# 2012 Tarmac Comp or Elite?



## manamana (Sep 10, 2008)

*2012 Tarmac Comp or Expert?*

I'm looking to get a 2012, and it'll either be a 2012 SL2 Comp M2 with Fact 8r carbon or 2012 SL3 Expert M2 with Fact 10 carbon. The differences other than the frame look to be minor (I will be swapping out the wheels), and I was wondering if there will be a noticeable difference in ride quality between the two frames? I won't get a chance to give them a good test unfortunately. Is the SL3 much lighter? I prefer the look of the Expert, but there is about a $800 price difference where I'll be getting them from and I'm trying to figure out if there are any tangible benefits that justify the additional cost?


----------



## PJ352 (Dec 5, 2007)

I'm confused. Here in the states the 2012 Tarmac Comps and Elites share the same frames - Specialized FACT 8r carbon, FACT IS construction.

Can you link to the bikes?


----------



## manamana (Sep 10, 2008)

Sorry! I got my models confused. It's the Expert not Elite that I'm looking at along with the Comp


----------



## PJ352 (Dec 5, 2007)

manamana said:


> Sorry! I got my models confused. It's the Expert not Elite that I'm looking at along with the Comp


Gotcha. JMO, but since we're talking the same geometry (thus fit), I'm of the mind that wheelset, tire construction/ size and running proper PSI (based on total rider weight, road conditions, style of riding...) play as much a role (if not more) in dictating ride _quality_ than the frameset alone. 

As a loose comparison, I have an '08 Tarmac Comp and a '11 Tarmac Pro and am hard pressed to discern a difference in ride quality, but I pay attention to the aforementioned facets, so (like anyone else) my experiences have colored my opinions. Since the two framesets you're looking at are closer in specs, if it were my money, I'd save the $800 and go with the Comp or Elite.


----------



## carrock (Aug 10, 2009)

I went from a Roubaix Elite ( same frame as comp) to a Roubaix Pro ( same frame as Expert)

Apart from the groupset set upgrades ( 105 on the eliote v DuraAce/Ultegra on the Pro ) the difference between the Elite/Comp frame and the Expert/Pro frame is significant- much stiffer and repsonisve. That was on 2010 bikes but I expect the difference will be equally noticeable on 2012 bikes


----------



## manamana (Sep 10, 2008)

After going to my LBS today, it looks like I could get a Venge Pro for about $800 more than the Tarmac Expert. This would really be starting to stretch my budget though. I kinda want to get the best bike I can afford so I'm not looking to upgrade again any time soon, but if I get the Tarmac Comp and maybe the Expert I can get a set of Zipp 404 clinchers as well.

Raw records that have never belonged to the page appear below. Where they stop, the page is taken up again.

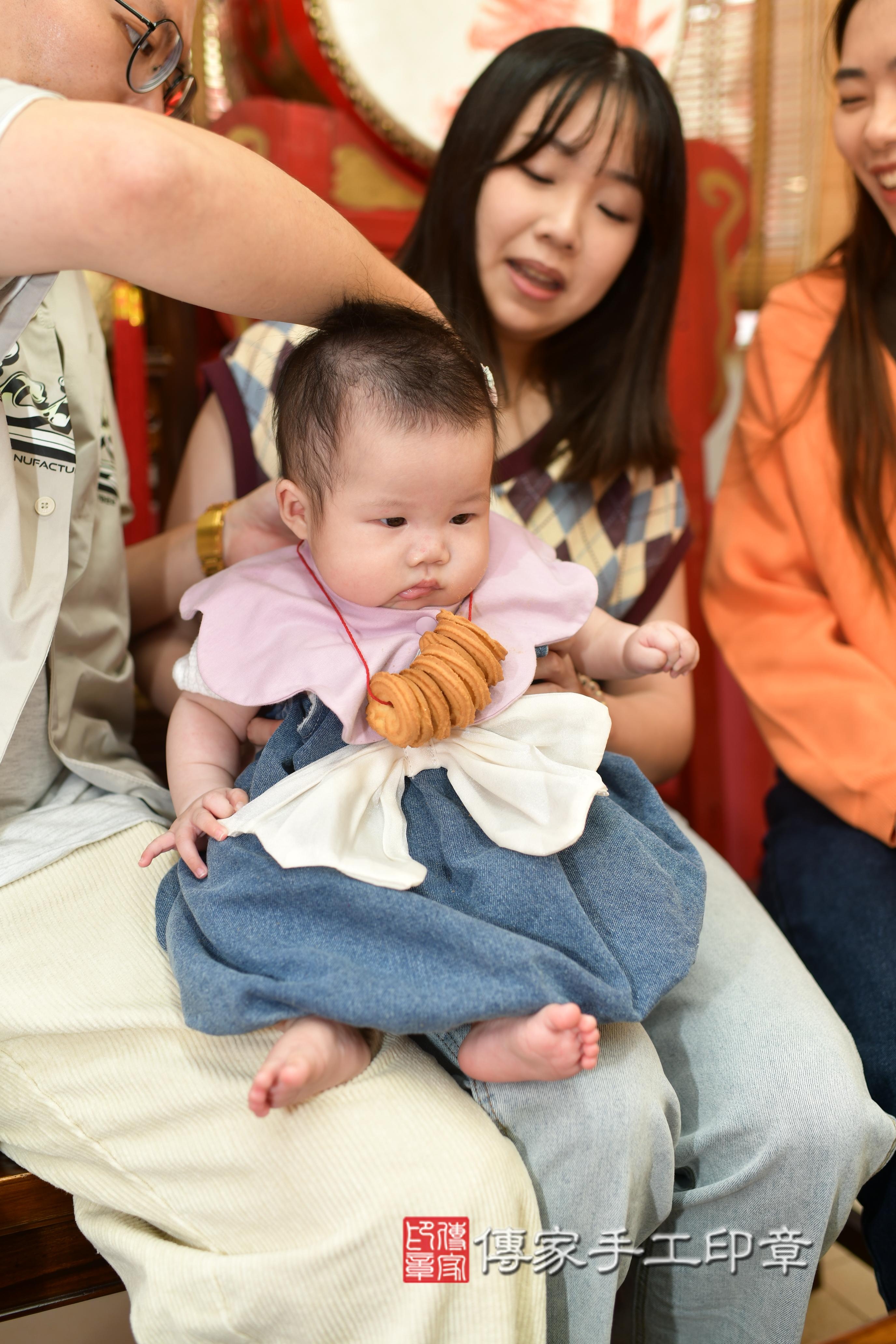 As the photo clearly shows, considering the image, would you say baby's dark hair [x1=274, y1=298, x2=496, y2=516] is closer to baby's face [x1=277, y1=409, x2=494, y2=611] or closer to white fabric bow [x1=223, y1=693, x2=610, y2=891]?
baby's face [x1=277, y1=409, x2=494, y2=611]

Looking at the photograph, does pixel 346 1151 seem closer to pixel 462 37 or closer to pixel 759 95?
pixel 462 37

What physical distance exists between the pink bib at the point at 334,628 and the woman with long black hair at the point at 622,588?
3.4 inches

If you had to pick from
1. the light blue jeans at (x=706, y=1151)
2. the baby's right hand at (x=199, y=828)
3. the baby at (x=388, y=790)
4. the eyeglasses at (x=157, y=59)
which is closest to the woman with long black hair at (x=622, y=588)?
the light blue jeans at (x=706, y=1151)

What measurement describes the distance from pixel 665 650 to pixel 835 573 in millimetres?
484

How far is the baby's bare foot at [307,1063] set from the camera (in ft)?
2.51

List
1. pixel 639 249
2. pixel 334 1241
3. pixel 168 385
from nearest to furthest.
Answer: pixel 334 1241
pixel 639 249
pixel 168 385

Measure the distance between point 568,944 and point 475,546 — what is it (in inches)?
14.3

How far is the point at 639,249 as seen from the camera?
4.86ft

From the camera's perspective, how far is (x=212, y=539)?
1.20m

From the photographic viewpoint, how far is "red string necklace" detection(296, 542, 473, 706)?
91cm

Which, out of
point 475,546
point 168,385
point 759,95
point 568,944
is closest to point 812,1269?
point 568,944

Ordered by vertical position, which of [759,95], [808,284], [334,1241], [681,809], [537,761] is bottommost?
[681,809]

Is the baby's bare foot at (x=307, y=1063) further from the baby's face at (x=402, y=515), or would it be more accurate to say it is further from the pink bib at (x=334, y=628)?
the baby's face at (x=402, y=515)

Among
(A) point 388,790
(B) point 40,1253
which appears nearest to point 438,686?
(A) point 388,790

I've read the Tarmac frame is lighter than the Venge which is a plus. What would you do, upgrade to a Venge Pro or get one of the Tarmac's and 404's? Is the Venge that much better than the Tarmac or is it just different?


----------



## PJ352 (Dec 5, 2007)

manamana said:


> After going to my LBS today, it looks like I could get a Venge Pro for about $800 more than the Tarmac Expert. This would really be starting to stretch my budget though. I kinda want to get the best bike I can afford so I'm not looking to upgrade again any time soon, but if I get the Tarmac Comp and maybe the Expert I can get a set of Zipp 404 clinchers as well. I've read the Tarmac frame is lighter than the Venge which is a plus. What would you do, upgrade to a Venge Pro or get one of the Tarmac's and 404's? Is the Venge that much better than the Tarmac or is it just different?


I'll offer upfront that I haven't ridden the Venge, but from everything I've read I'm confident the Tarmac is the better choice _for me_. 

I base that on personal preferences, style and type of riding I do, along with a fundamental belief that the 'advantages' of the Venge are more marketing hype/ perceived than measurable in real world terms. All things considered, IMO it's just not worth the price of admission.

Clearly, with all that said, I'd opt for a Tarmac, with or without the Zipp's in the picture.


----------



## todayilearned (Sep 28, 2011)

The Venge looks remarkable but for practical purposes the Expert is a good deal. Pick up the 404 clinchers later on.


----------



## nismo73 (Jul 29, 2009)

I've been questioning myself whether to get a Tarmac, but I'm trying to figure out if the SL3 frame will be moving down to the Comp level for '13. It seems that they will have a SL4 Expert for '13 since the only available SL3 for '12 was in the Expert level - everything else was SL4 or SL2, and there wasn't a SL3 frameset available for purchase in '12. 

Also curious whether Spesh will offer a lower priced Venge frameset for '13...I guess we won't know until August sometime.


----------



## new2rd (Aug 8, 2010)

You can purchase the SL3 Expert frame as a frameset, although I believe this is only through dealers. For what it's worth, the SL3 being offered is a "pro" level frame at a 10r carbon layout. All the entry level frames are constructed with 8r. I'm not sure the exact details, but the talk on street is thie higher the number the stiffer and lighter. If you look at 2010-2011, the SL3 being offered in 2012 is the same as the pro models from those years. If they offer SL3's for 2013, I would guess the layup would be a lower grade 8r, but I would suspect SL3's will be gone.


----------



## new2rd (Aug 8, 2010)

I'm in the process of going with this SL3 expert frame as I'm typing this. I'll be going from a entry level 2011 Roubaix 8r to the tarmac.


----------



## Merc (Oct 9, 2011)

What is the difference in frames between a specialized SL3 and the S-works SL3?


----------